Open the interactive version → diagrams, practice & moreRequirements
Functional
- Linearizable get/put
- Watches
- Leases/locks
- Cluster membership
Non-functional
- Strong consistency
- Partition-safe
- Highly available
Scale
Coordination layer
The approach
A replicated state machine over Raft: a leader appends entries to a majority before commit; reads are linearizable (via leader/lease); watches stream changes; leases expire locks on client death.
Key components
Raft cluster (odd size) · leader · replicated log
Numbers that matter
- etcd's recommended value size limit is 1.5MB per key; the default maximum request size is 1.5MB — storing large blobs violates the design contract and degrades Raft log performance.
- A well-tuned 3-node etcd cluster can handle ~10,000 writes/sec sustained; a 5-node cluster handles less writes (more quorum overhead) but tolerates 2 failures instead of 1.
- etcd's Raft heartbeat interval defaults to 100ms and election timeout to 1000ms; in a network with >200ms RTT between nodes you must tune these up or spurious leader elections destabilize the cluster.
- Kubernetes clusters with >5,000 nodes typically require a dedicated etcd cluster for events (which generate high write volume) separate from the main cluster state to avoid Raft log backpressure.
Senior deep-dive
Raft consensus is etcd's entire value proposition: every write goes through a leader that replicates to a quorum of followers before acknowledging — the client gets linearizability, not eventual consistency, which is why etcd is used for Kubernetes control plane state and not a general-purpose cache.
etcd is optimized for small, infrequent writes and many reads — it is not a data store for large payloads or high-throughput writes; values should be <1MB and write rates should be <<1000/sec or you will saturate the Raft log.
Lease-based locks expire automatically — a client that crashes or is network-partitioned loses its lease within the TTL, preventing the indefinite lock-hold that plagues 2PC.
Raft: why a single leader is the right choice for coordination
Raft's leader is the sole writer to the log — all writes go to the leader, which eliminates write conflicts but creates a fan-out bottleneck: every write replicates to a quorum before returning to the client. For coordination workloads (leader election, config, locks) this is fine — write volume is low. The non-obvious benefit: reads from the leader are linearizable by default (the leader checks its commit index before serving), which is what clients of a coordination service actually need.

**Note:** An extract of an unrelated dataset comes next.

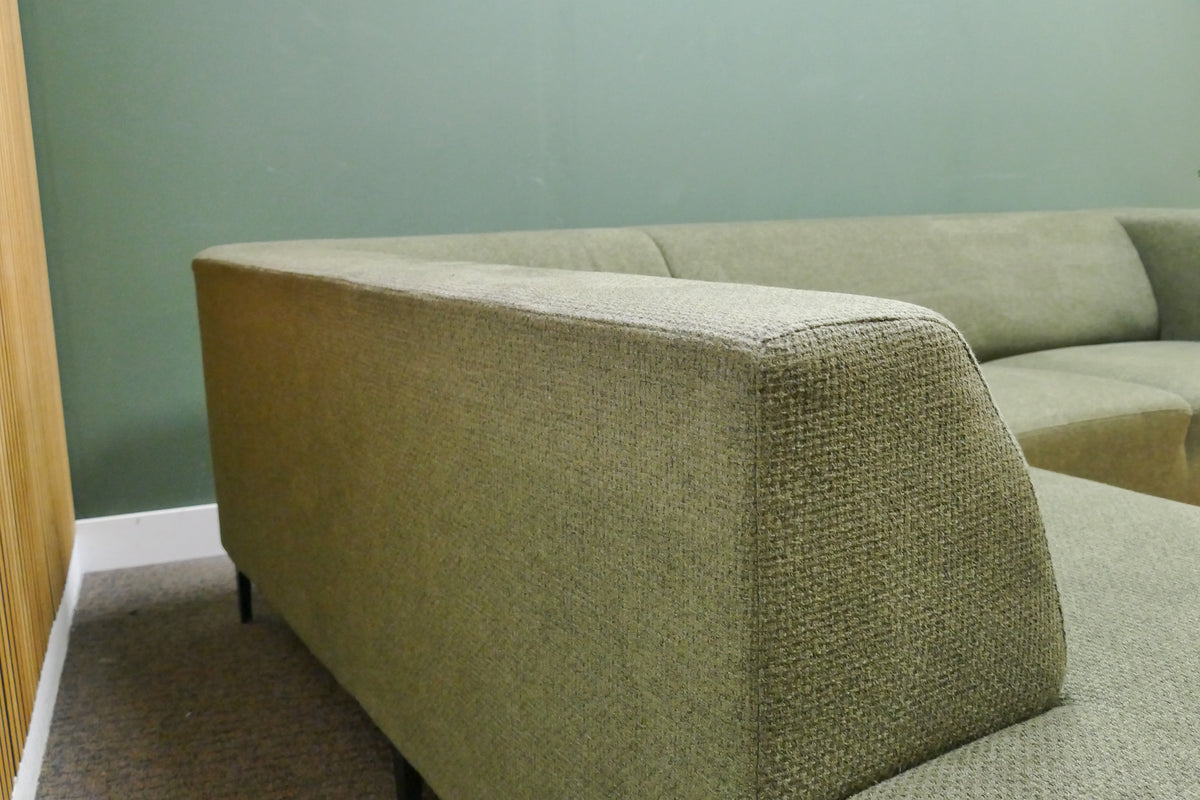 Refurbished Moderne Hoekbank Groen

Watches: the subscription primitive
etcd's Watch API streams change events for a key or key prefix from a given revision, enabling controllers to react to state changes without polling. Watches are held as long-lived gRPC streams on the server and use the MVCC revision as the resume point — if a client disconnects and reconnects, it resumes from the last-seen revision, missing no events. The Kubernetes controller pattern depends entirely on this: every controller is a watch loop that reconciles desired vs actual state.
Leases: bounded distributed locks
A lease is a time-bounded grant from the etcd cluster; keys can be attached to a lease and are automatically deleted when the lease expires. This is how Kubernetes implements pod leaders and how distributed locks work: acquire a lease, write your identity under a leased key, and refresh the lease TTL heartbeat. A client that crashes or is partitioned fails to refresh, the TTL expires, and the key is deleted — no coordinator intervention needed. The failure mode is too-short TTLs causing spurious lock loss under GC pauses or network hiccups.

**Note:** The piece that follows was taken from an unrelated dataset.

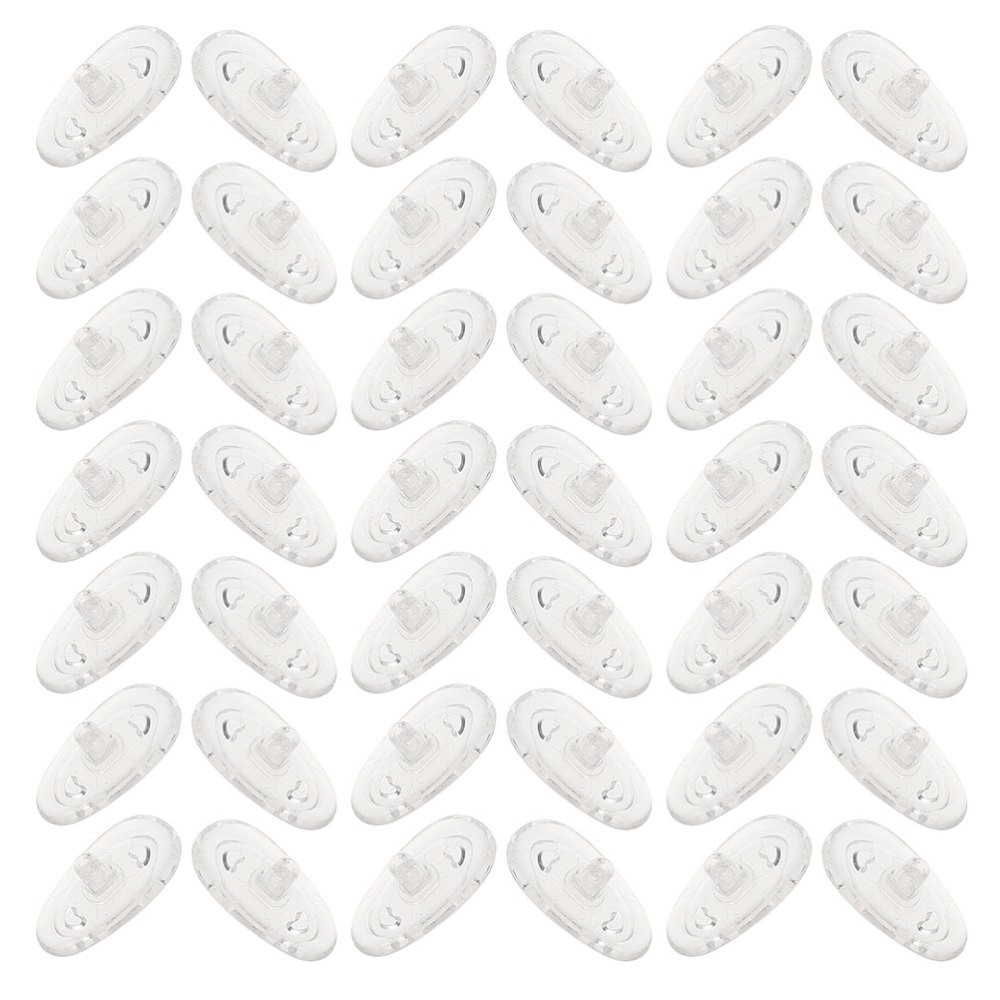 30 Pairs Professional Silicone Nose Pads Replaceable Eyeglass Pads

MVCC and compaction: mandatory maintenance
etcd stores every revision of every key in a BoltDB B-tree (the `db` file on disk). Without compaction, this file grows until disk exhaustion — every `Put` adds a new revision, and old revisions pile up. Compaction deletes revisions older than a specified revision number; defragmentation reclaims the free pages in the BoltDB file (compaction marks pages free but doesn't shrink the file). Defragmentation is an online operation that briefly holds a write lock — it must be scheduled during low-traffic windows.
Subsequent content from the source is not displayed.